WORK TO COMPLETE ->
Return the listing below unchanged, except that the pictures are dropped.

DATA IN THIS EXERCISE ->
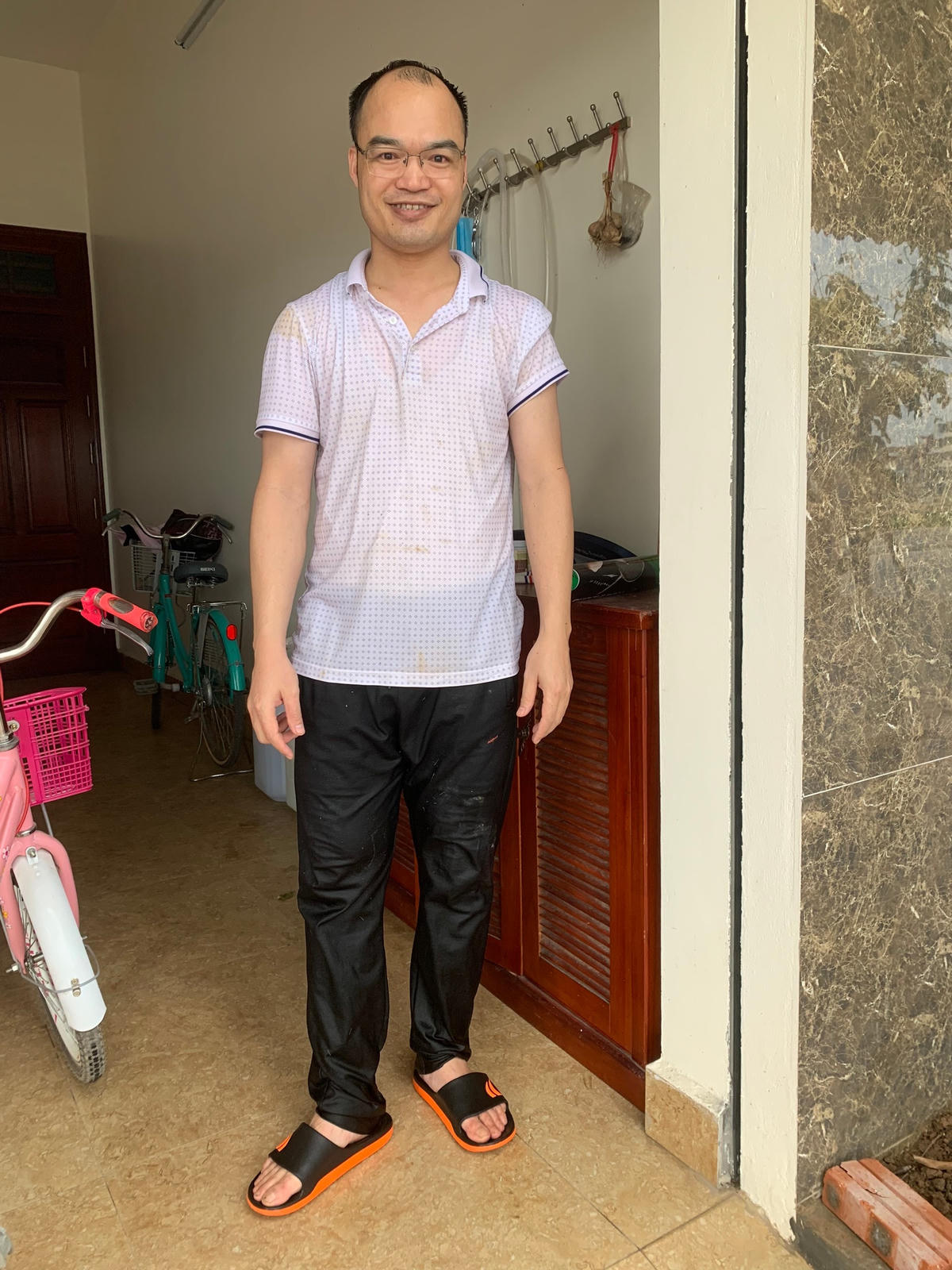 Hình ảnh Thiếu tá Bình được người dân ghi lại sau khi cứu 2 cháu bé đang bị đuối nước.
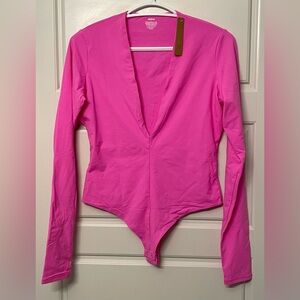 NWT SKIMS Fits Everyone Deep V-Neck Bodysuit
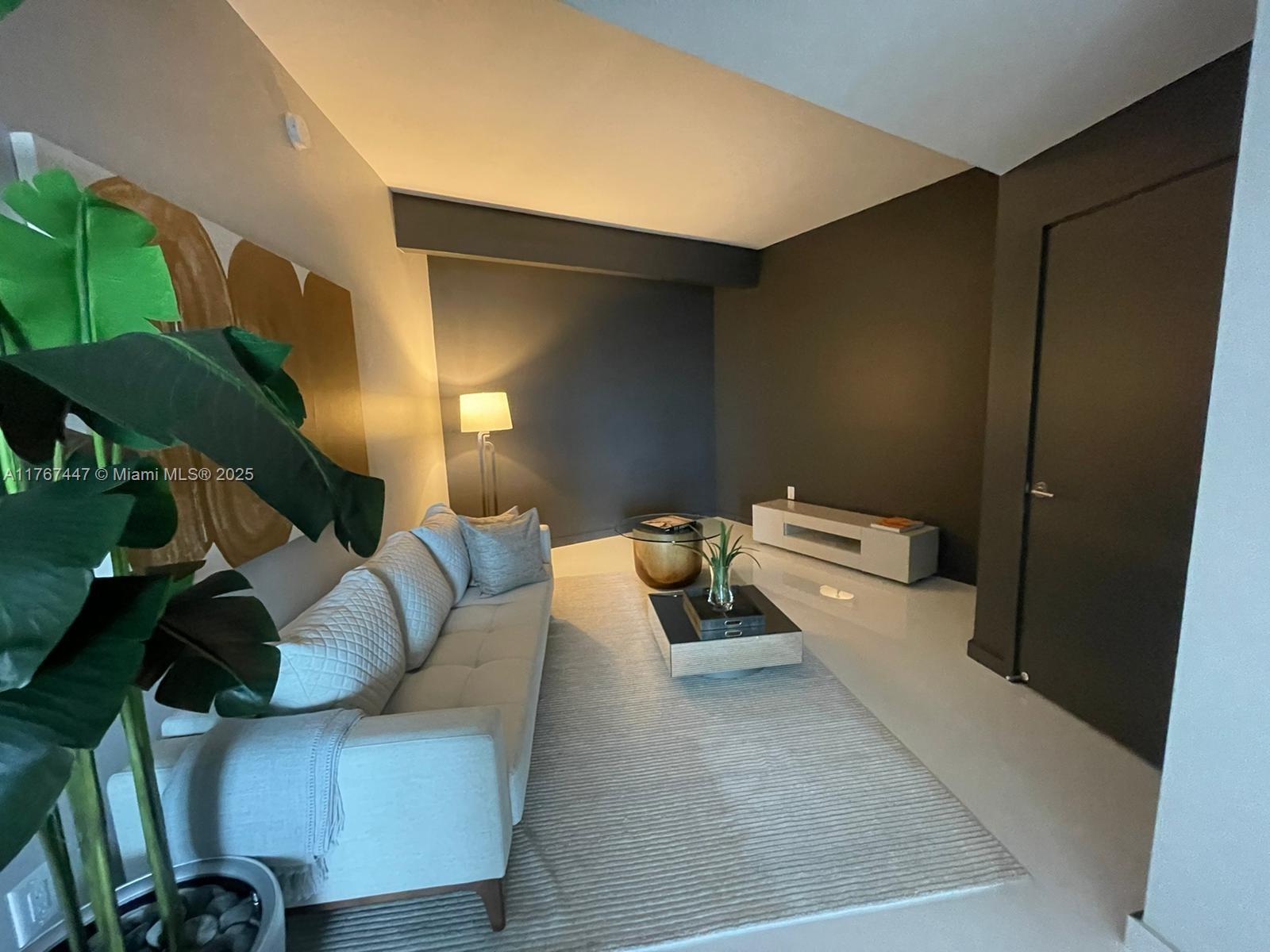 PARAMOUNT MIAMI WORLDCENT - Residential Lease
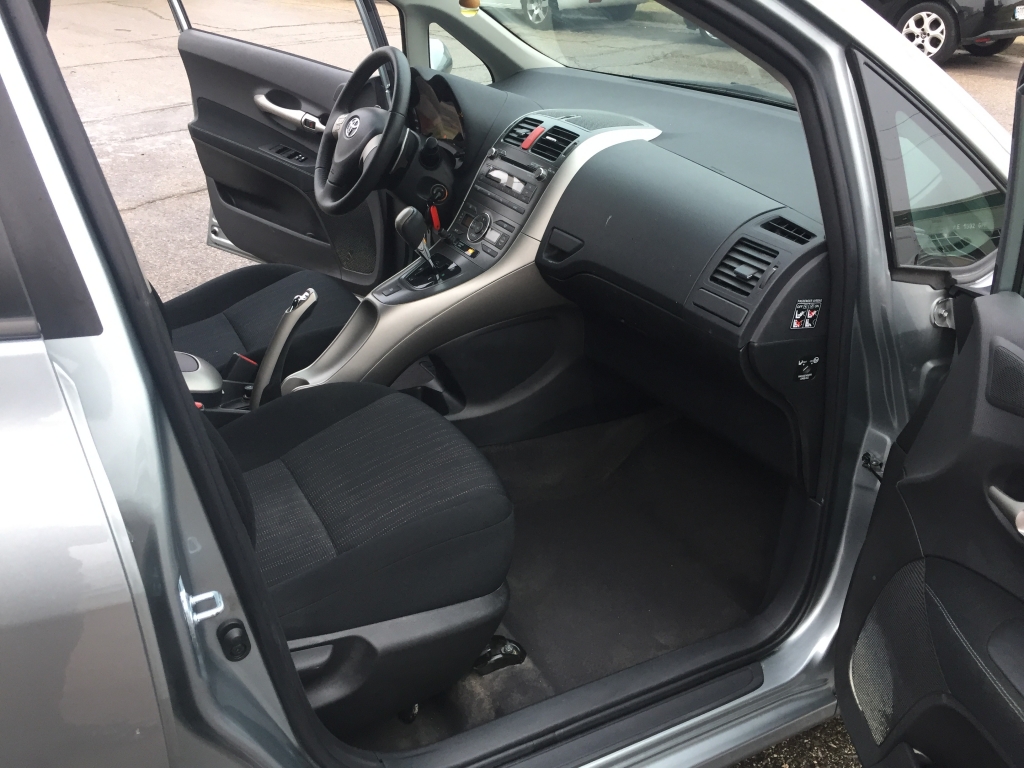 TOYOTA AURIS 1.4 D4D 90CV AUT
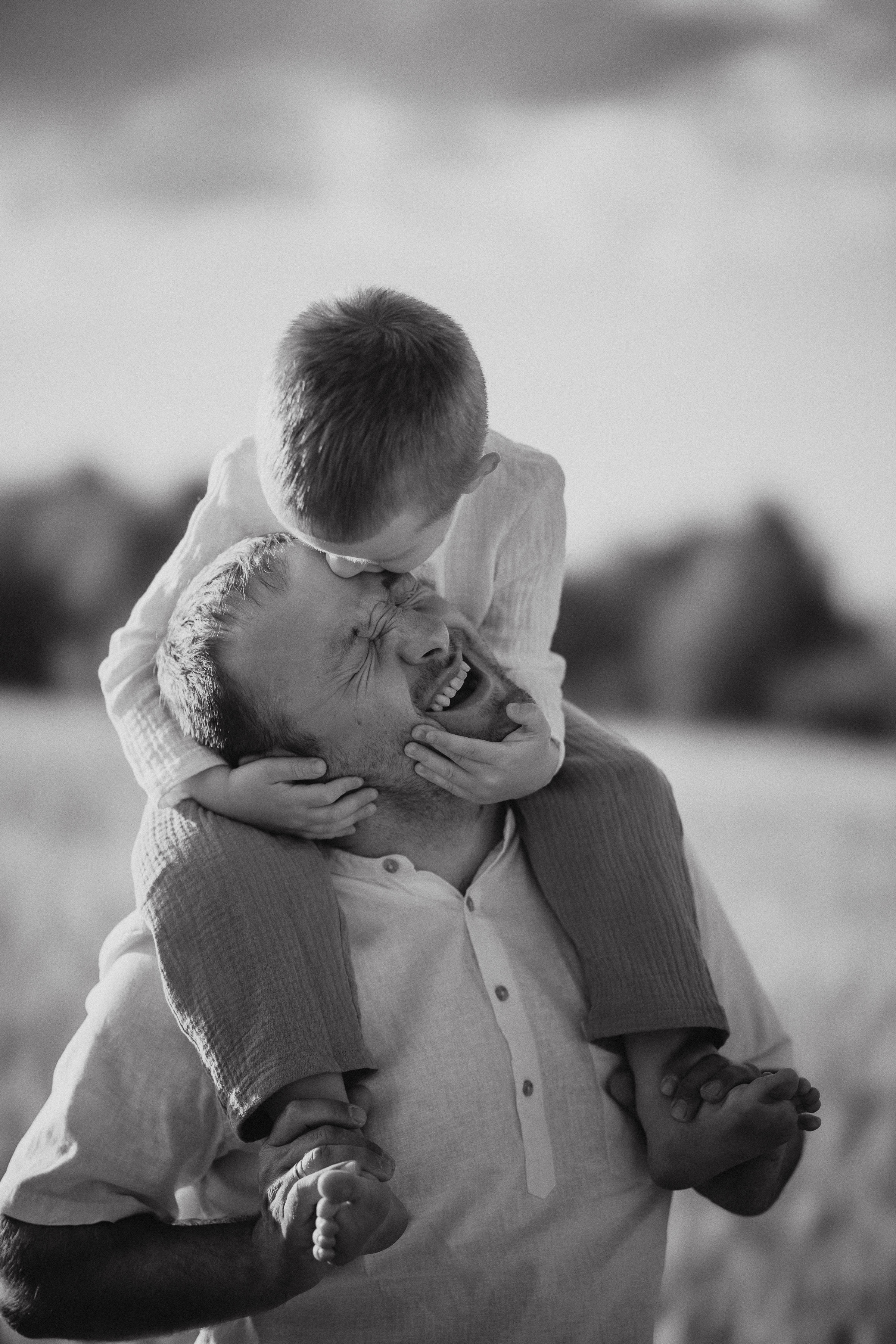 Глеб, Лена, Лев и Родя в полях. Пухова Татьяна фотограф в Перми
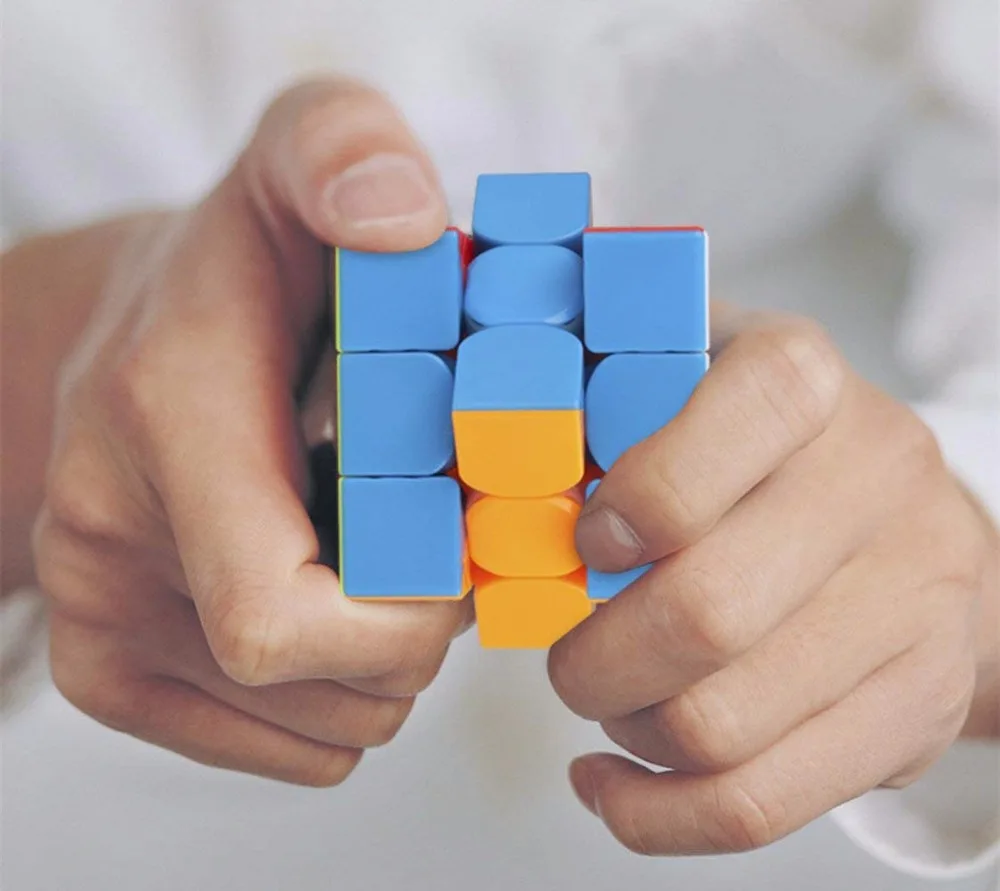 

D-FantiX Yuxin Huanglong M 3x3 Magnetic Speed Cube 3x3x3 Smooth Twist Magic Cube Stickerless Puzzle cube Educational Toys Gift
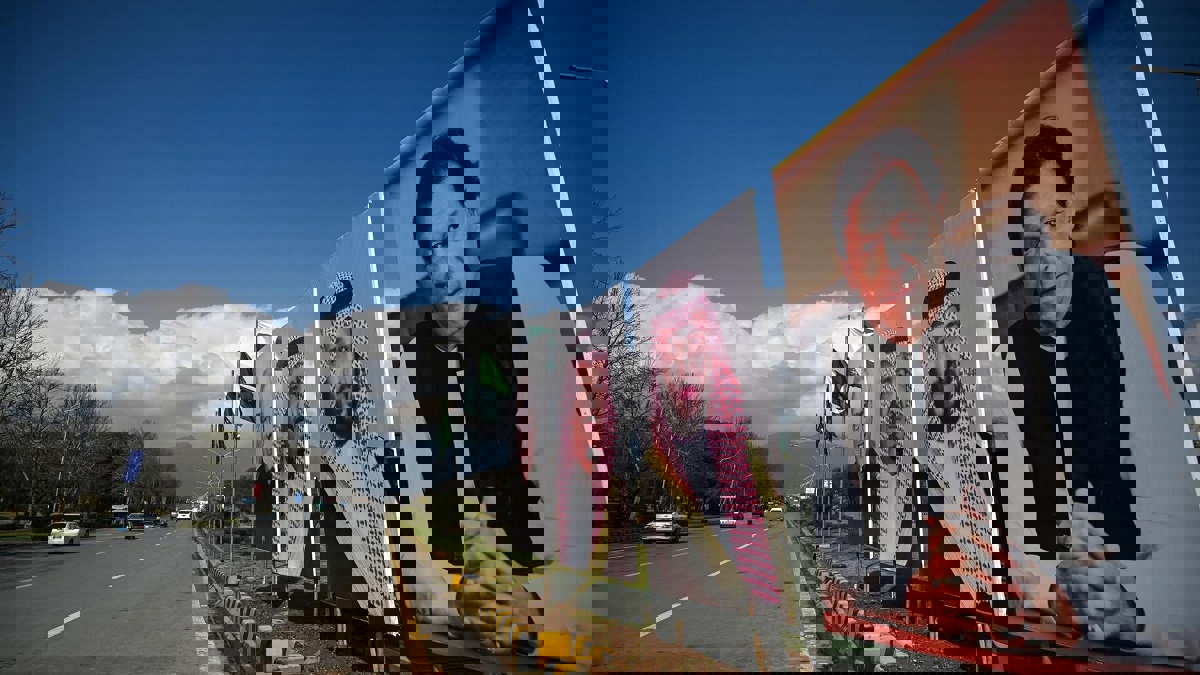 عمران خان: شائعات خلافات باكستان مع السعودية باطلة ونحن على تواصل دائم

WRITTEN REPLY ->
 Hình ảnh Thiếu tá Bình được người dân ghi lại sau khi cứu 2 cháu bé đang bị đuối nước.
 NWT SKIMS Fits Everyone Deep V-Neck Bodysuit
 PARAMOUNT MIAMI WORLDCENT - Residential Lease
 TOYOTA AURIS 1.4 D4D 90CV AUT
 Глеб, Лена, Лев и Родя в полях. Пухова Татьяна фотограф в Перми

D-FantiX Yuxin Huanglong M 3x3 Magnetic Speed Cube 3x3x3 Smooth Twist Magic Cube Stickerless Puzzle cube Educational Toys Gift
 عمران خان: شائعات خلافات باكستان مع السعودية باطلة ونحن على تواصل دائم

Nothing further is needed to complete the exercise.